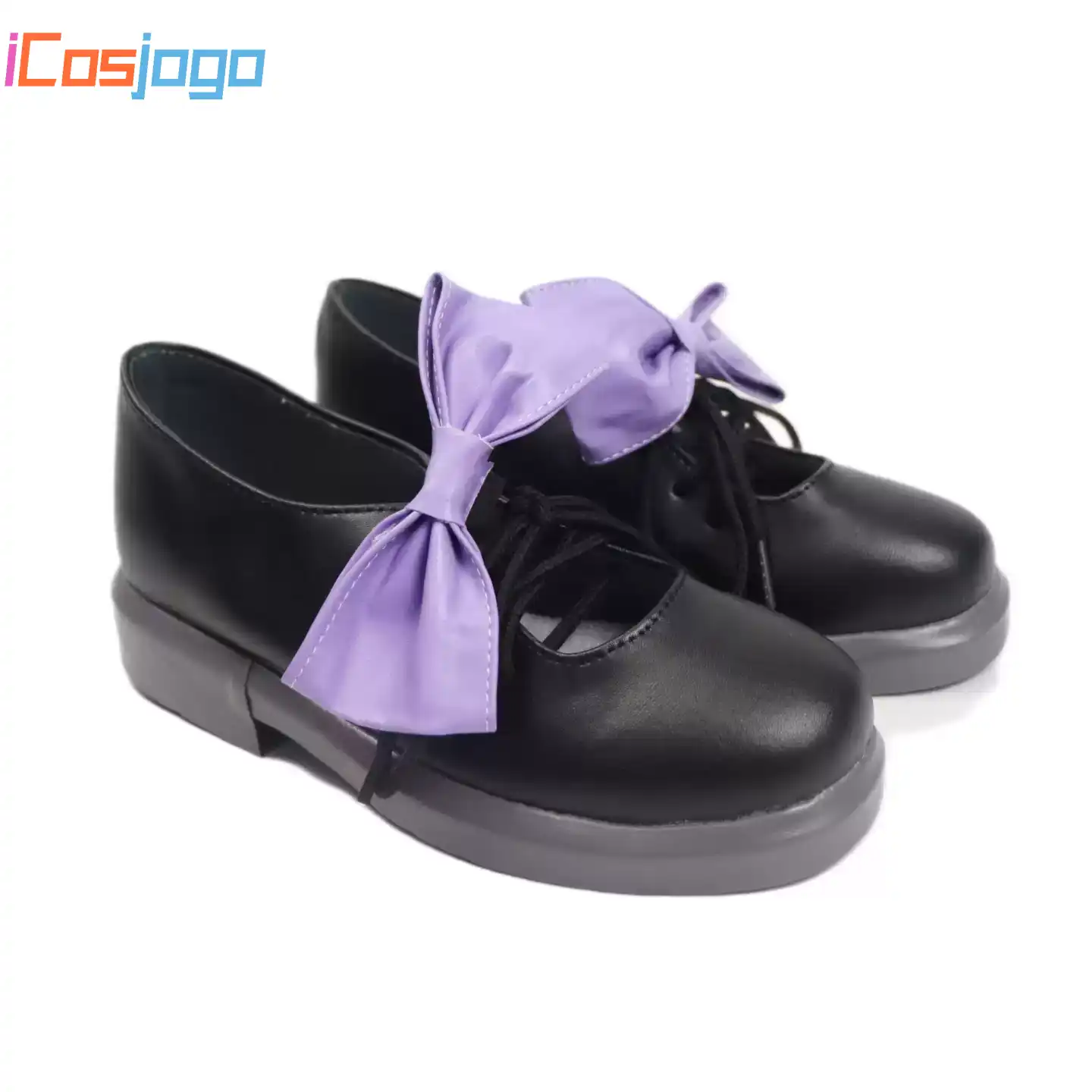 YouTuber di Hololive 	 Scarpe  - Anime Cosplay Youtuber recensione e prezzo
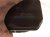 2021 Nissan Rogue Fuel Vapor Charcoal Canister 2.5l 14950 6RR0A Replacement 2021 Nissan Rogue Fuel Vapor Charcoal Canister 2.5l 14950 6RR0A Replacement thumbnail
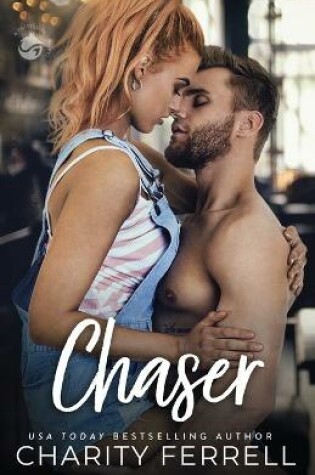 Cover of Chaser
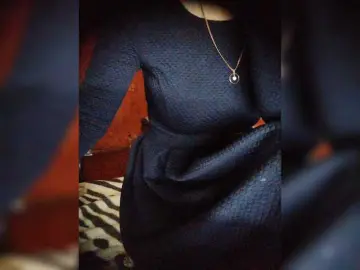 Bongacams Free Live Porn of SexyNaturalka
==
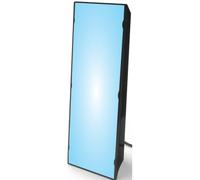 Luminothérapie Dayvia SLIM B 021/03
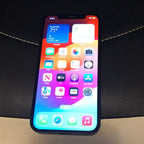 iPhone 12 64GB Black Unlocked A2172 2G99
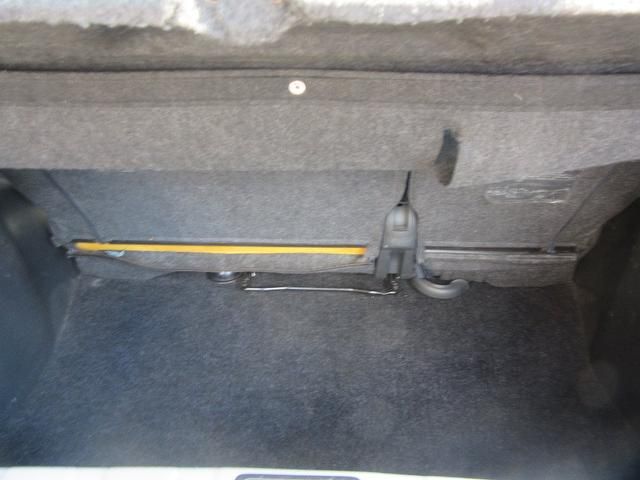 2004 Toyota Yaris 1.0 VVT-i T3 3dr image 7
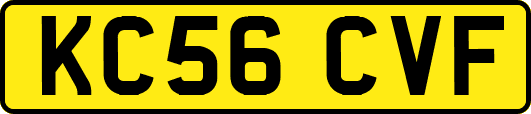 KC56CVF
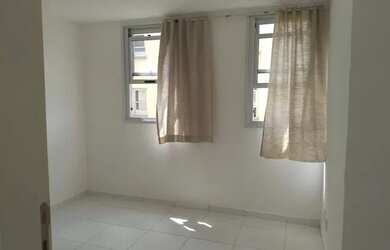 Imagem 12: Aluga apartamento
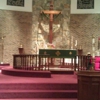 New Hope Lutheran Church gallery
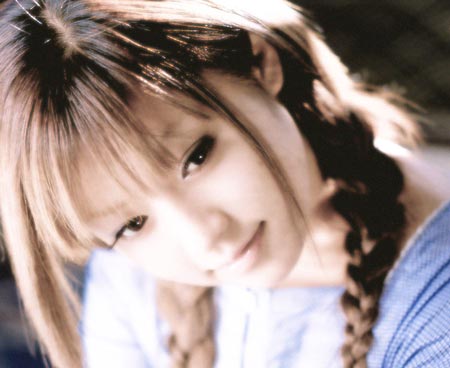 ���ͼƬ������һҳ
--
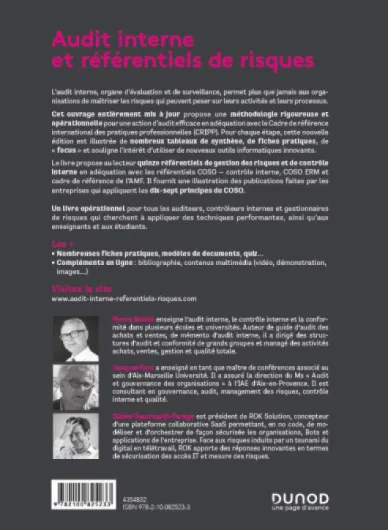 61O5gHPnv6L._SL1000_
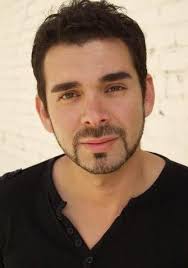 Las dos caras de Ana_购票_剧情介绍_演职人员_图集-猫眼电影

WORK REQUIRED:
In the data above, take the line with "61O5gHPnv6L._SL1000_", the line with "Las dos caras de Ana_购票_剧情介绍_演职人员_图集-猫眼电影", and every line between, and set them down exactly without pictures.

WRITTEN ANSWER:
 61O5gHPnv6L._SL1000_
 Las dos caras de Ana_购票_剧情介绍_演职人员_图集-猫眼电影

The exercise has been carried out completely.